36-48% speedup in allocation/deallocation speed for GPUBFCAllocator:
1. Identify chunks by a handle number, rather than by a pointer to a Chunk.
Chunk data structures are now allocated in a `vector<Chunk>`, and a handle
is an index into this vector to refer to a particular chunk. This allows the
next and prev pointers in Chunk to be ChunkHandle (4 bytes), rather than
`Chunk*` (8 bytes).
2. When a Chunk object is no longer in use, we maintain a free list of Chunk
objects, whose head is designated by ChunkHandle `free_chunks_list_`, and
with the `Chunk->next` pointing to the next free list entry. Together with
(1), this allows us to avoid heap allocation/deallocation of Chunk objects
in the allocator, except (rarely) when the `vector<Chunk>` grows. It also
makes all the memory for Chunk objects contiguous.
3. Rather than having the bins_ data structure be a std::set and using
lower_bound to locate the appropriate bin given a byte_size, we instead have
an array of bins, indexed by a function that is log₂(byte_size/256). This
allows the bin to be located with a few bit operations, rather than a binary
search tree lookup. It also allows us to allocate the storage for all the
Bin data structures in a contiguous array, rather than in many different
cache lines. This reduces the number of cache lines that must be moved
around between cores when multiple threads are doing allocations.
4. Added fast path to GPUBFCAllocator::AllocateRaw that first tries to allocate
memory without involving the retry_helper_. If an initial attempt fails
(returns nullptr), then we go through the retry_helper_, but normally we can
avoid several levels of procedure calls as well as the
allocation/deallocation of a std::function with several arguments.
5. Commented out most of the VLOG calls. These can be reenabled selectively
when needed for debugging purposes by uncommenting and recompiling.
Added multi-threaded benchmark to test allocation under contention.
Speeds up ptb_word_lm on my desktop machine with a Titan X card from 8036 words
per second to 8272 words per second (+2.9%).

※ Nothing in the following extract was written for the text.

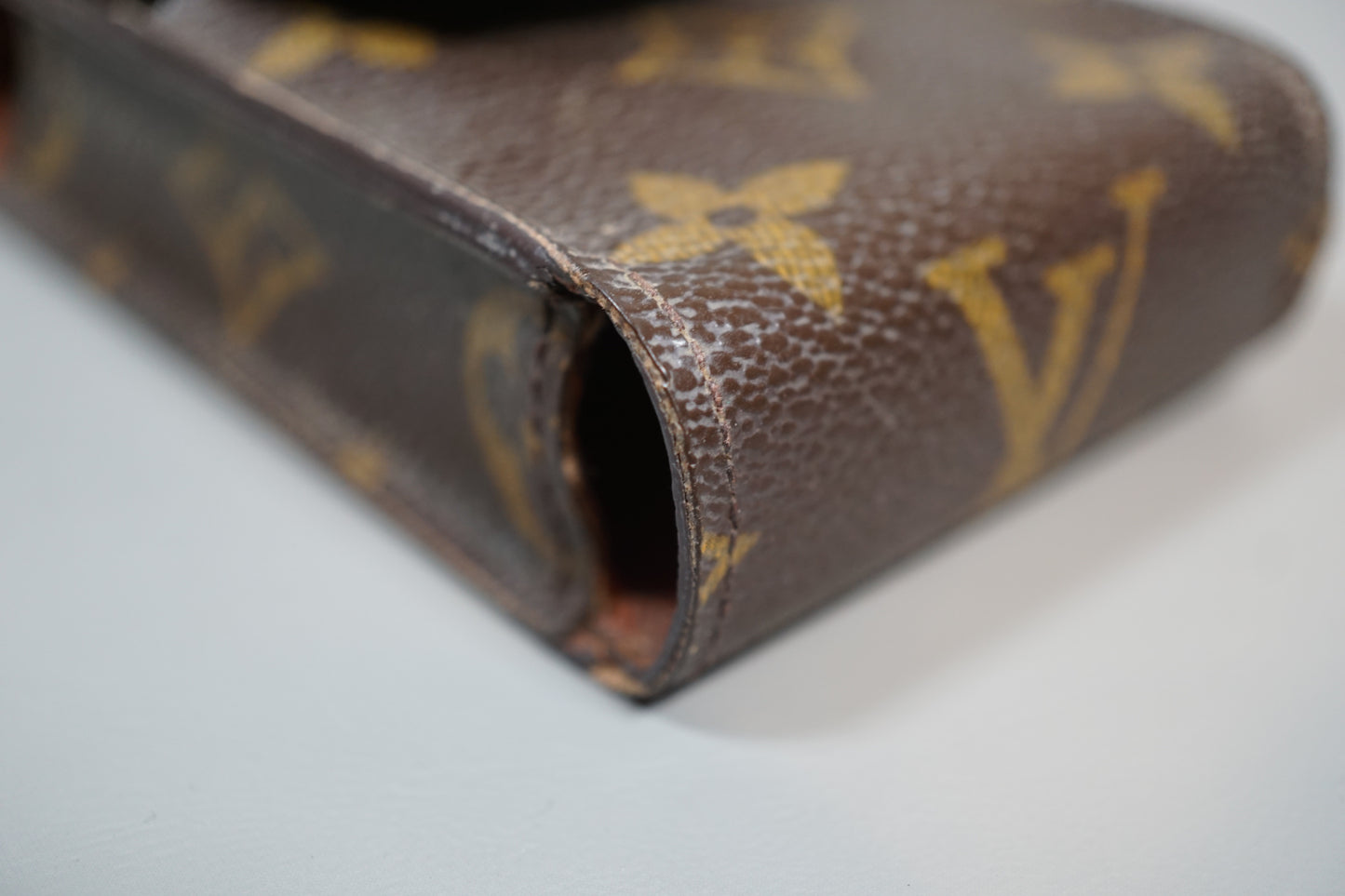 Louis Vuitton M63024 Monogram Brown Tobacco Case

Run on (40 X 2801 MHz CPUs); 2016/02/16-15:12:49 CPU: Intel Ivybridge with HyperThreading (20 cores) dL1:32KB dL2:256KB dL3:25MB Benchmark Base (ns) New (ns) Improvement

10 / 17

BM_Allocation 347 184 +47.0% BM_AllocationThreaded/1 351 181 +48.4% BM_AllocationThreaded/4 2470 1975 +20.0% BM_AllocationThreaded/16 11846 9507 +19.7% BM_AllocationDelayed/1 392 199 +49.2% BM_AllocationDelayed/10 285 169 +40.7% BM_AllocationDelayed/100 245 149 +39.2% BM_AllocationDelayed/1000 238 151 +36.6%

#### Detail: Speed up Pathways throughput by ~20% via a set of
miscellaneous changes.
- Unified a bunch of special fast descriptor parsing functions into a single
ParsedDescriptor class and use this class in more places to avoid expensive
full parse calls.
- Change several protocol buffer fields from string to bytes (avoids
unnecessary utf-8 checks and associated error handling code).
- DescriptorProto.inlined_contents is now a string, not a Cord (it is expected
to be used only for small-ish tensors). This necessitated the addition of a
bunch of copying helpers in tensor_util.cc (need to now support both strings
and Cords).
- Use flat_hash_map instead of std::unordered_map in a few places.
- Added MemoryManager::LookupMany for use by Stack op instead of calling
Lookup per batch element. This change reduces setup overhead like locking.
- Removed some unnecessary string creation in TransferDispatchOp.
- Performance results for transferring a batch of 1000 1KB tensors from one
component to another in the same process:

Before: 227.01 steps/sec After: 272.52 steps/sec (+20% throughput)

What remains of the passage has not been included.